Pierre Menard - Springfield, Illinois
Posted by: Groundspeak Charter Member BruceS
N 39° 47.884 W 089° 39.214
16S E 272812 N 4408714
Statue of Pierre Menard, first Illinois Lieutenant Governor, with a Native American located on the grounds of the Illinois State Capitol in Springfield.
Waymark Code: WM8Y2K
Location: Illinois, United States
Date Posted: 05/29/2010
Published By:Groundspeak Regular Member Math Teacher
Views: 4

Standing figure of of Pierre Menard. He wearing a double button coat. He has what appears to be a blanket over his arm. He is looking down toward the Native American man seated at his feet. The seated man has animal skins over draped over his leg.

From Wikipedia:

"Pierre Menard (7 October 1766 – 13 June 1844) was a fur trader and U.S. political figure. Pierre Menard was born at St. Antoine-sur-Richelieu, near Montreal, Canada, third in a family of ten children. His father was Jean Baptiste Menard, a French soldier in the regiment of Guyenne.

After a short period of formal schooling in Montreal, Pierre, at about age fifteen, signed on with a trading expedition to the vast Illinois Country. By the early 1790s Menard had established a solid trading business of his own; his Kaskaskia business ledgers (which survive) begin in the spring of 1791. Granted a St.
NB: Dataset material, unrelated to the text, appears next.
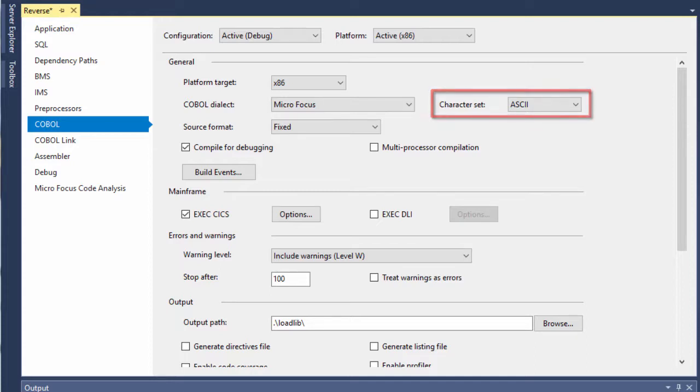The provider application needs to be generated using CICS COBOL, so the Exec CICS box is checked.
Clair County commercial license in 1793, Menard was, at the age of thirty, already a respected entrepreneur.

In 1792 Menard married Therese Godin, who died in 1804 leaving four children. Two years later, he married Angelique Saucier, granddaughter of Francois Saucier, Engineer General in the French army and construction supervisor of nearby Fort de Chartres. Eight children were born to Pierre and Angelique.

Menard was a member of the Indiana territorial legislature, 1803–1809, and president of the Illinois territorial council 1812–1818.

Illinois Territory was a frontier region of the United States, formerly part of the Illinois Country, a portion of New France administered originally from Quebec and later transferred to Louisiana. Upon the admission of Illinois as a state in 1818, the population of the new state was divided between French-speaking and English-speaking citizens. To balance the ticket, Menard became the state's first Lieutenant Governor, serving from 1818 to 1822 with the first governor, Shadrach Bond.

Economic forces, however, were already leading people inland from the French-speaking areas along the Mississippi River, and largely to promote real estate interests, the first Illinois General Assembly decided in 1820 to move the state capital from Kaskaskia, Menard's home town, to Vandalia.

Menard left office in 1822 and returned to private life. He died in 1844 and was buried at Fort Kaskaskia, near his house."